→ Data listing:
= = = = =
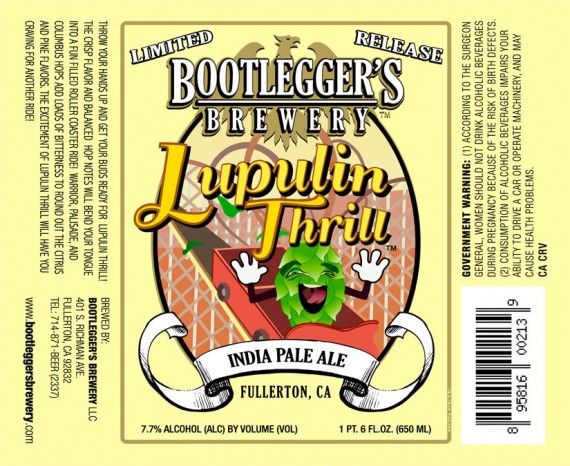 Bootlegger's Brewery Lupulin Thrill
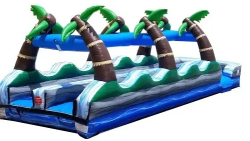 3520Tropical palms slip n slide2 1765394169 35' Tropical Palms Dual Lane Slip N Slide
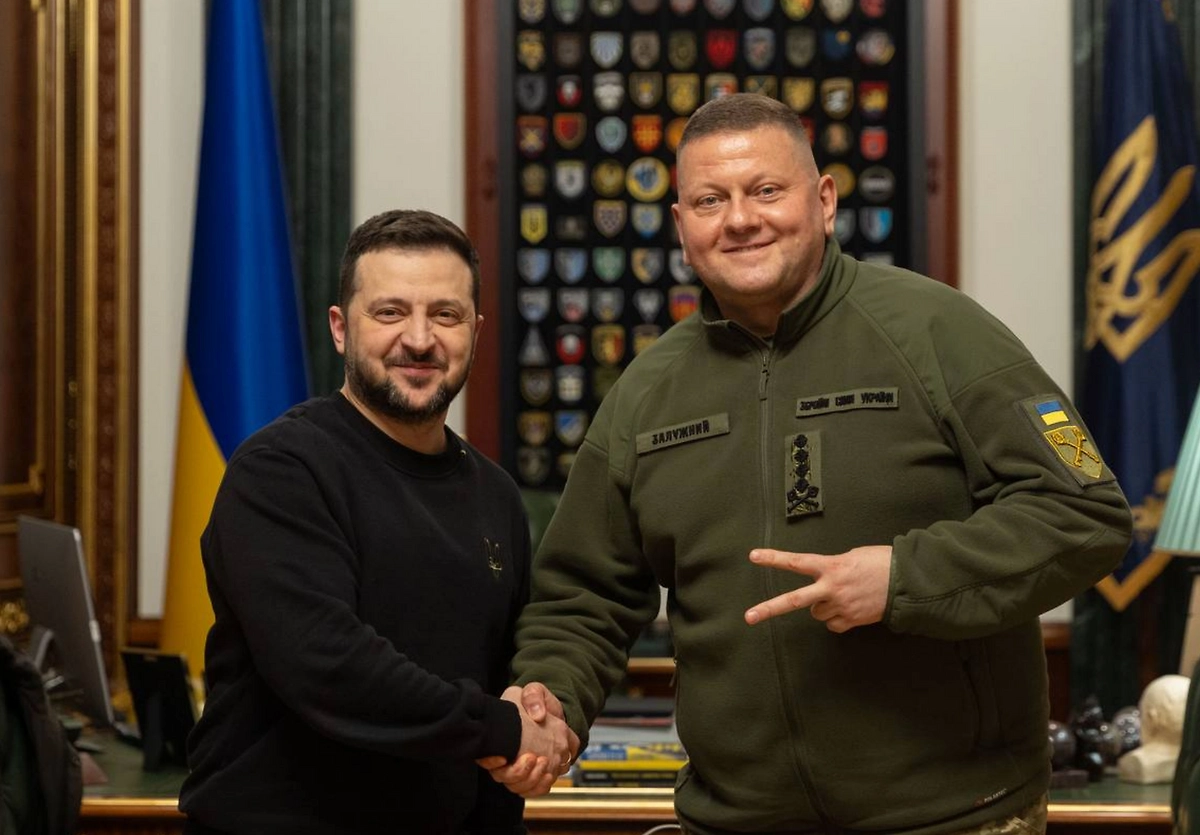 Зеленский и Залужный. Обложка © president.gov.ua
= = = = =
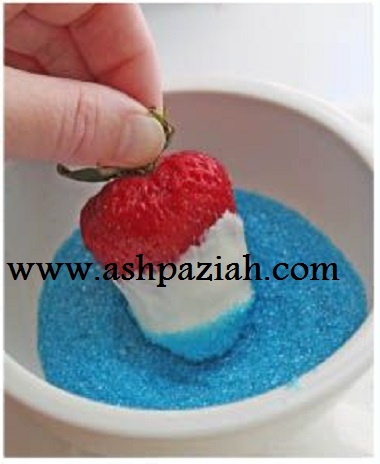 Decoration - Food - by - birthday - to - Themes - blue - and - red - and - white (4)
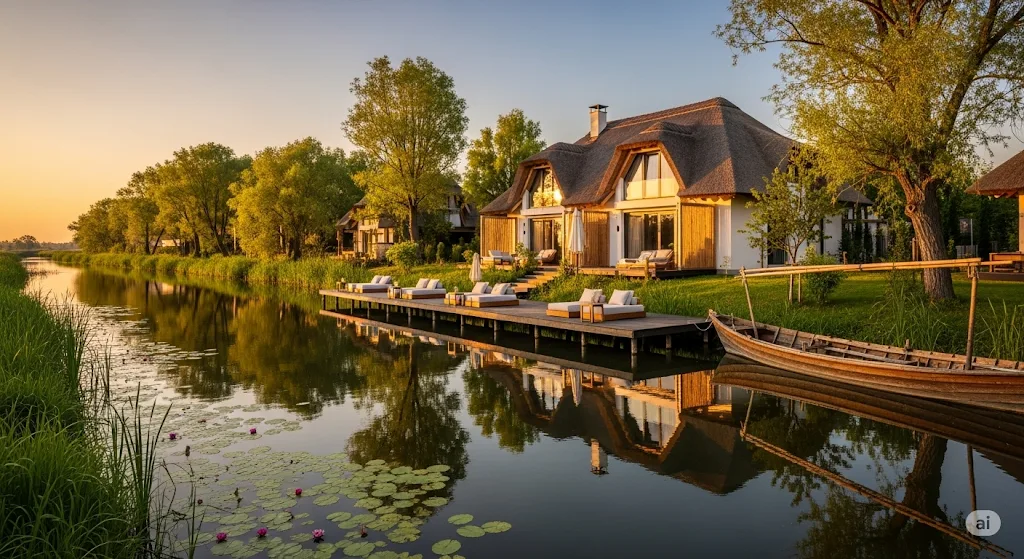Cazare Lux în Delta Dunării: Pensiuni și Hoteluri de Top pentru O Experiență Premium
= = = = =
→ Instructions for the task: Keep to the lines above from the line with "Decoration - Food" to the line with "Cazare Lux în", and set down exactly those, inclusive, with nothing else and every picture left out.

→ Reply to the exercise:
 Decoration - Food - by - birthday - to - Themes - blue - and - red - and - white (4)
Cazare Lux în Delta Dunării: Pensiuni și Hoteluri de Top pentru O Experiență Premium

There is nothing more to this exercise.